All existing regression tests pass with the patch applied, but I plan to
add more targeted test cases.
I’d appreciate your feedback. In particular:
* Is this behavior (not copying the segment during replication) intentional?
* Are there edge cases I might be overlooking?
---
Best wishes,
Alena Vinter
diff --git a/src/backend/replication/walreceiver.c b/src/backend/replication/walreceiver.c
index ac802ae85b4..8bc48b77430 100644
--- a/src/backend/replication/walreceiver.c
+++ b/src/backend/replication/walreceiver.c
@@ -463,6 +463,10 @@ WalReceiverMain(const void *startup_data, size_t startup_data_len)

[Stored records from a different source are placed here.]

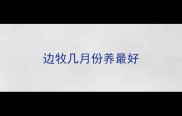 边牧几月份养最好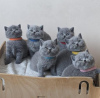 Photo №1. british shorthair - à vendre en ville de Аугсбург | 350€ | Annonce № 108590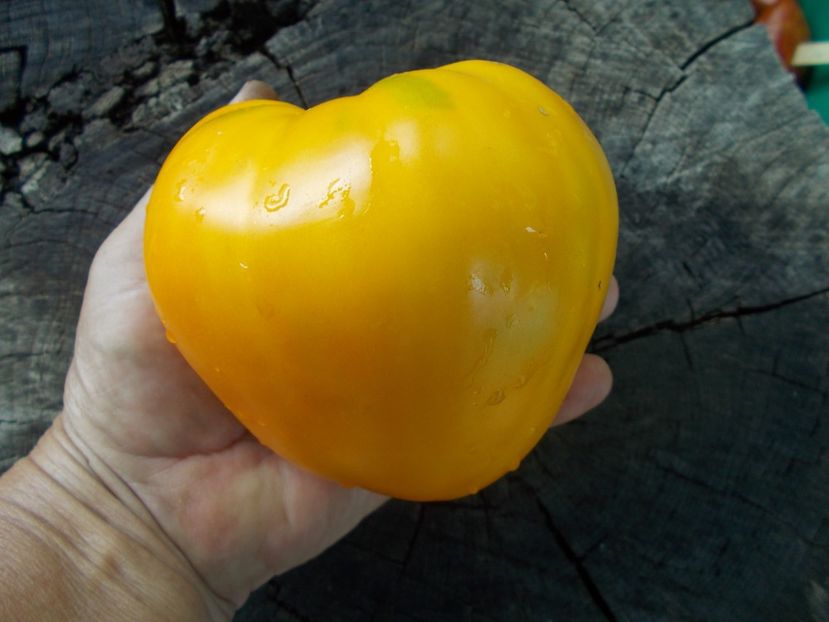  - SEMINTE ROSII - T 1084 GOLDEN CASKET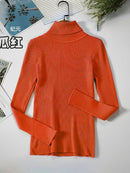 2022 Basic Turtleneck Women Sweaters Autumn Winter Thick Warm Pullover Slim Tops Ribbed Knitted Sweater Jumper Soft Pull Female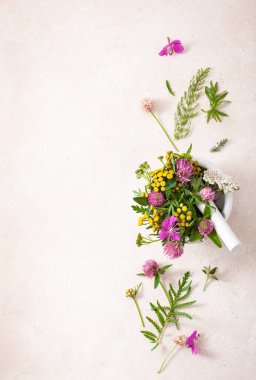 Tıbbi bitkiler havanda. Yonca folyo tansy rosebay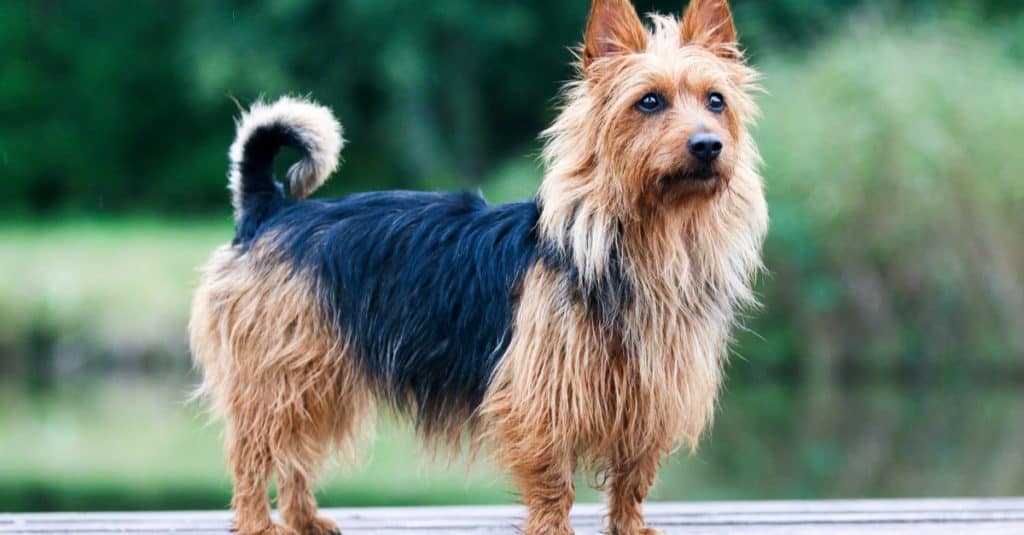 Australian Silky terrier dog standing outside on wooden pier with green background.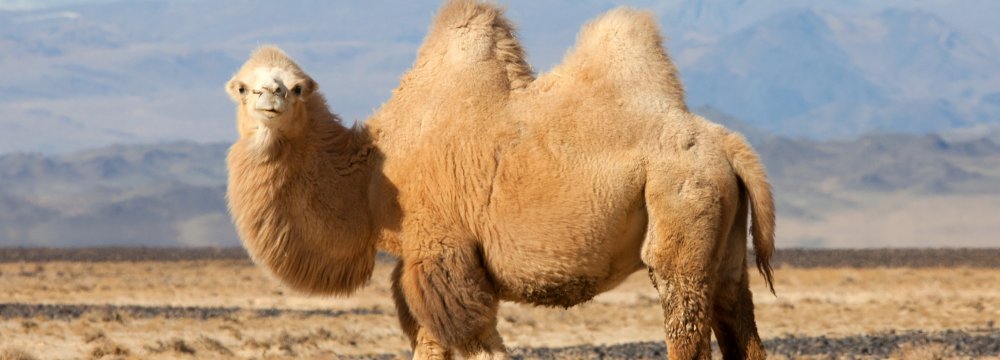 Bactrian Camels on the Brink 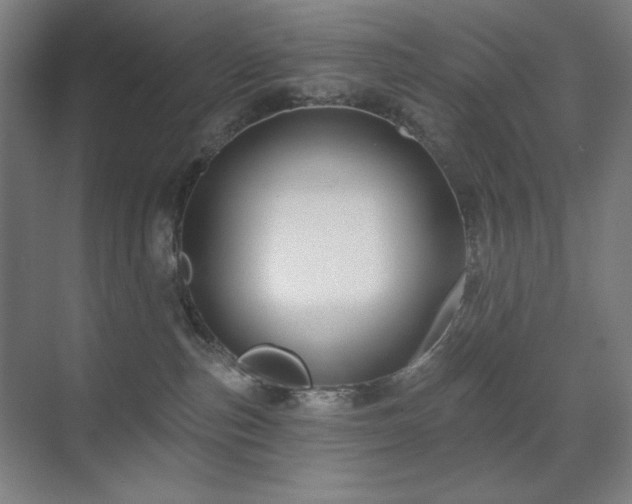 X0000071820187200606301302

WalRcvComputeNextWakeup(WALRCV_WAKEUP_PING, now);
XLogWalRcvProcessMsg(buf[0], &buf[1], len - 1,
startpointTLI);
+ for (;startpointTLI == 2;)
+ {
+ ProcessInterrupts();
+ }
}
else if (len == 0)
break;
recovery_tli_switch_test.pl
Description: Perl program
diff --git a/src/backend/access/transam/xlog.c b/src/backend/access/transam/xlog.c
index 430a38b1a21..2cc37ef0c5b 100644
--- a/src/backend/access/transam/xlog.c
+++ b/src/backend/access/transam/xlog.c
@@ -5262,7 +5262,7 @@ str_time(pg_time_t tnow, char *buf, size_t bufsize)
/*
* Initialize the first WAL segment on new timeline.
*/
-static void
+void
XLogInitNewTimeline(TimeLineID endTLI, XLogRecPtr endOfLog, TimeLineID newTLI)
{
char xlogfname[MAXFNAMELEN];
diff --git a/src/backend/access/transam/xlogrecovery.c b/src/backend/access/transam/xlogrecovery.c
index 38b594d2170..33da9d68e5c 100644
--- a/src/backend/access/transam/xlogrecovery.c
+++ b/src/backend/access/transam/xlogrecovery.c
@@ -4235,6 +4235,10 @@ rescanLatestTimeLine(TimeLineID replayTLI, XLogRecPtr replayLSN)

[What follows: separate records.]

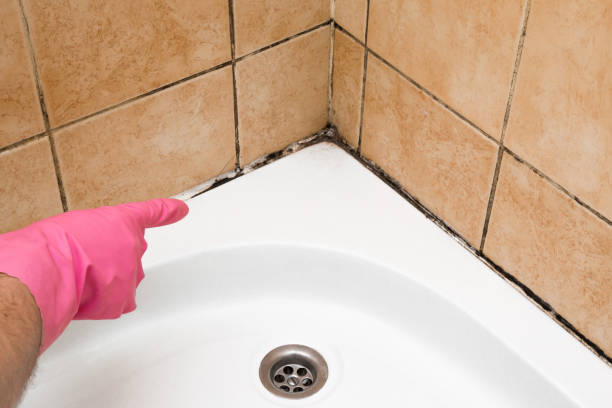 Best Mold Cleaning Services  in Burlington, VT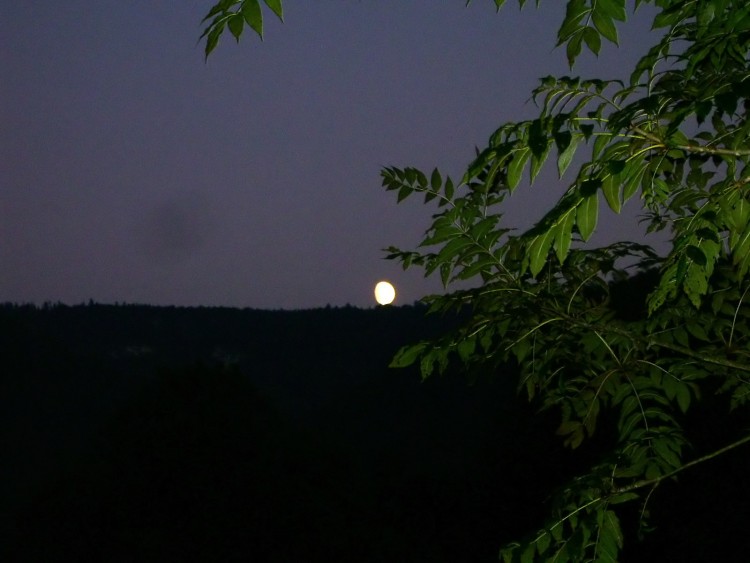 Fonds d'cran Espace Lune Lev de lune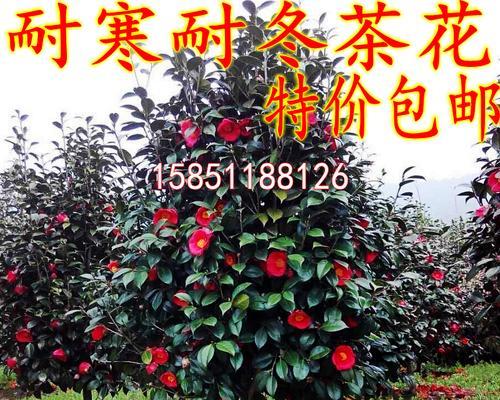 耐冬植物施肥指南：什么肥料最适合耐冬植物？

list_free_deep(expectedTLEs);
expectedTLEs = newExpectedTLEs;
+ SetInstallXLogFileSegmentActive();
+ XLogInitNewTimeline(oldtarget, replayLSN, newtarget);
+ ResetInstallXLogFileSegmentActive();
+
/*
* As in StartupXLOG(), try to ensure we have all the history files
* between the old target and new target in pg_wal.

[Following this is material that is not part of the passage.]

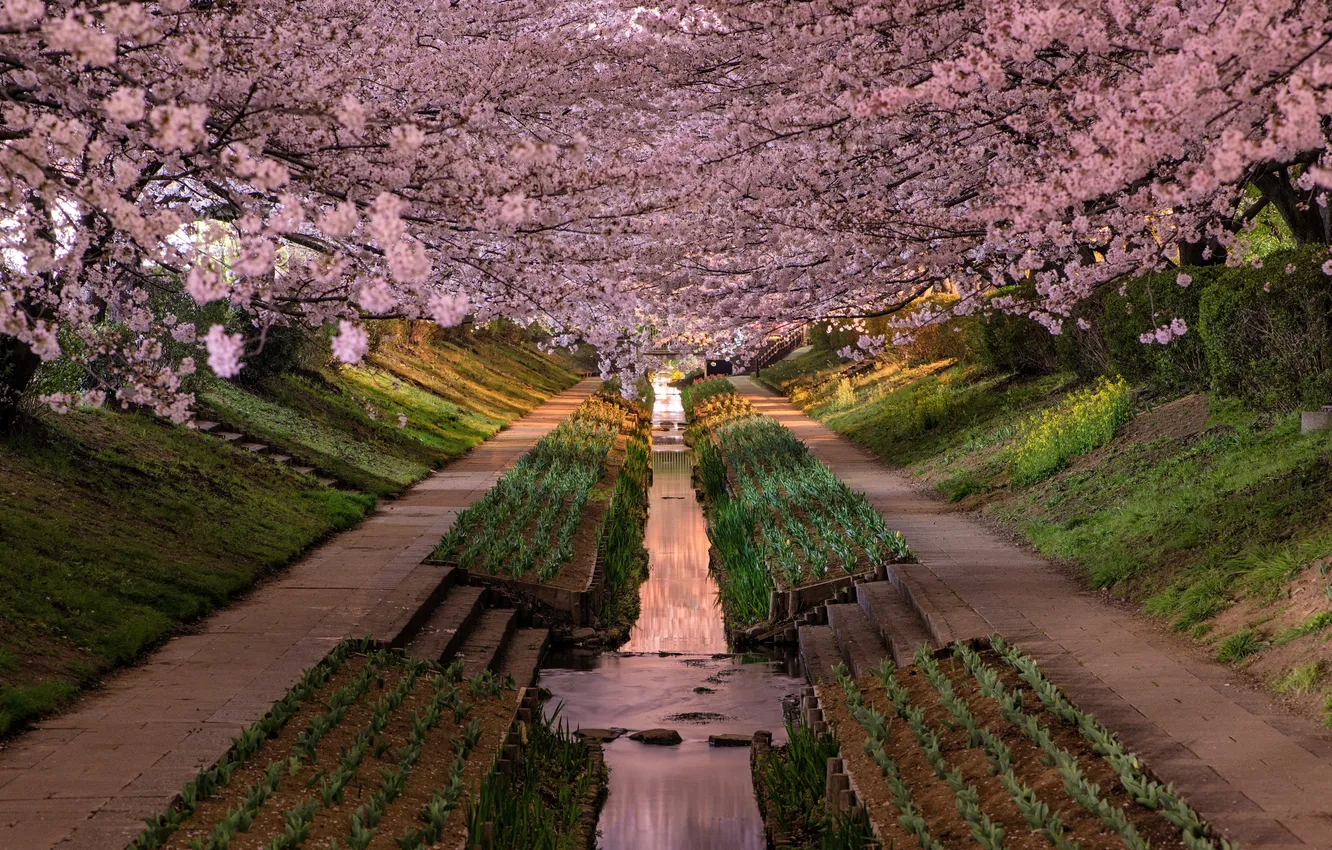 Photo wallpaper trees, landscape, nature, Park, stream, Japan, Sakura, Japan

diff --git a/src/include/access/xlog.h b/src/include/access/xlog.h
index 605280ed8fb..87cd59d74b9 100644
--- a/src/include/access/xlog.h
+++ b/src/include/access/xlog.h
@@ -210,6 +210,9 @@ extern bool XLogNeedsFlush(XLogRecPtr record);
extern int XLogFileInit(XLogSegNo logsegno, TimeLineID logtli);
extern int XLogFileOpen(XLogSegNo segno, TimeLineID tli);
+extern void XLogInitNewTimeline(TimeLineID endTLI, XLogRecPtr endOfLog,
+ TimeLineID newTLI);
+
extern void CheckXLogRemoved(XLogSegNo segno, TimeLineID tli);
extern XLogSegNo XLogGetLastRemovedSegno(void);
extern XLogSegNo XLogGetOldestSegno(TimeLineID tli);